To solve the equation \( 24x^3 - 26x^2 + 9x - 1 = 0 \) given that its roots are in Harmonic Progression (H.P.), we will follow these steps: ### Step 1: Understanding the relationship between H.P. and A.P. If the roots are in H.P., then their reciprocals will be in Arithmetic Progression (A.P.).
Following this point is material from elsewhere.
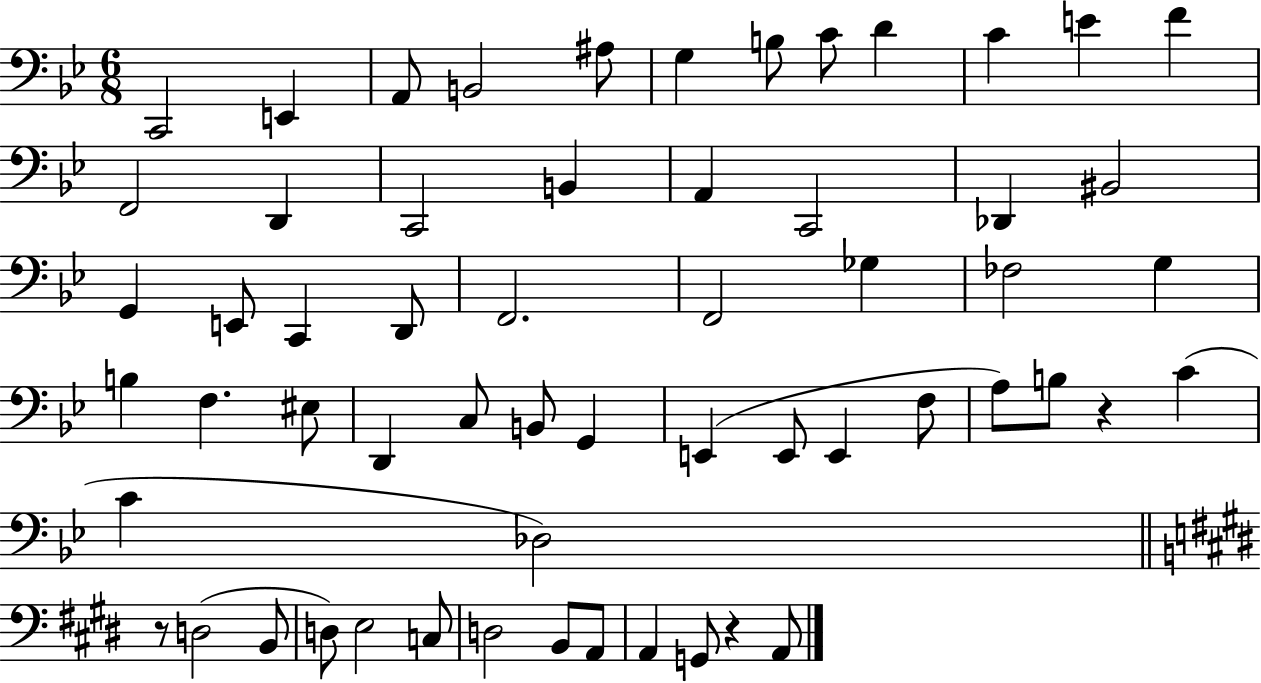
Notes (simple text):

C2/h E2/q A2/e B2/h A#3/e G3/q B3/e C4/e D4/q C4/q E4/q F4/q F2/h D2/q C2/h B2/q A2/q C2/h Db2/q BIS2/h G2/q E2/e C2/q D2/e F2/h. F2/h Gb3/q FES3/h G3/q B3/q F3/q. EIS3/e D2/q C3/e B2/e G2/q E2/q E2/e E2/q F3/e A3/e B3/e R/q C4/q C4/q Db3/h R/e D3/h B2/e D3/e E3/h C3/e D3/h B2/e A2/e A2/q G2/e R/q A2/e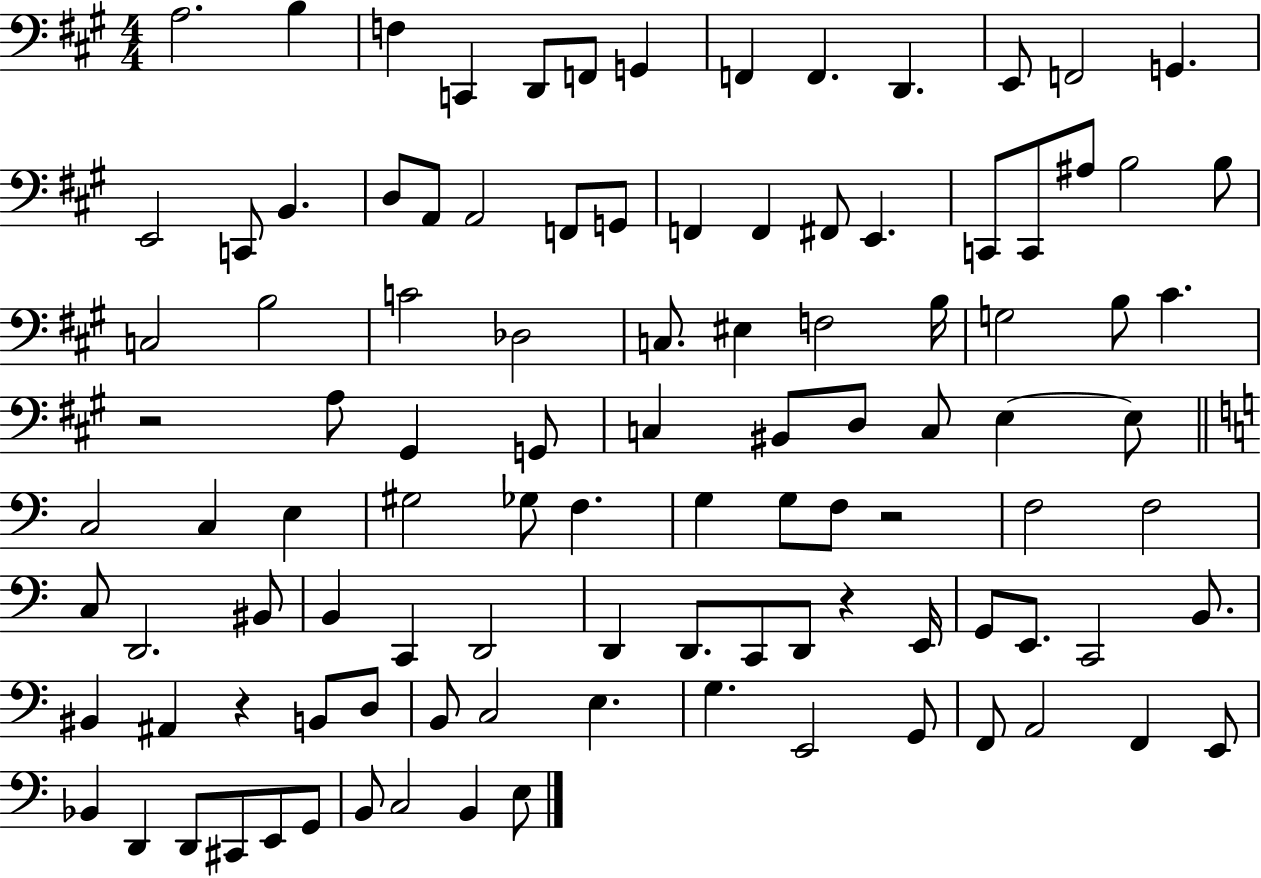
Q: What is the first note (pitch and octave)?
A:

Let the roots be \( a - d, a, a + d \). ### Step 2: Substitute \( x = \frac{1}{y} \) To find the new polynomial in terms of \( y \), we substitute \( x = \frac{1}{y} \): \[ 24\left(\frac{1}{y}\right)^3 - 26\left(\frac{1}{y}\right)^2 + 9\left(\frac{1}{y}\right) - 1 = 0 \] This simplifies to: \[ \frac{24}{y^3} - \frac{26}{y^2} + \frac{9}{y} - 1 = 0 \] Multiplying through by \( y^3 \) to eliminate the denominators gives: \[ 24 - 26y + 9y^2 - y^3 = 0 \] Rearranging this, we have: \[ -y^3 + 9y^2 - 26y + 24 = 0 \] or equivalently: \[ y^3 - 9y^2 + 26y - 24 = 0 \] ### Step 3: Coefficients comparison Now we compare this with the general cubic equation \( ay^3 + by^2 + cy + d = 0 \): - \( a = 1 \) - \( b = -9 \) - \( c = 26 \) - \( d = -24 \) ### Step 4: Finding the sum of the roots Using Vieta's formulas, the sum of the roots \( (a - d) + a + (a + d) = 3a \) is equal to \( -\frac{b}{a} = 9 \): \[ 3a = 9 \implies a = 3 \] ### Step 5: Finding the product of the roots The product of the roots \( (a - d) \cdot a \cdot (a + d) = a^3 - ad^2 \) is equal to \( -\frac{d}{a} = 24 \): \[ 3^3 - 3d^2 = 24 \implies 27 - 3d^2 = 24 \implies 3d^2 = 3 \implies d^2 = 1 \implies d = \pm 1 \] ### Step 6: Finding the roots Now we can find the roots: - \( a - d = 3 - 1 = 2 \) - \( a = 3 \) - \( a + d = 3 + 1 = 4 \) ### Step 7: Roots in H.P. The roots in H.P. are the reciprocals of the roots in A.P.: \[ \frac{1}{2}, \frac{1}{3}, \frac{1}{4} \] ### Final Answer Thus, the roots of the equation \( 24x^3 - 26x^2 + 9x - 1 = 0 \) are: \[ \frac{1}{2}, \frac{1}{3}, \frac{1}{4} \]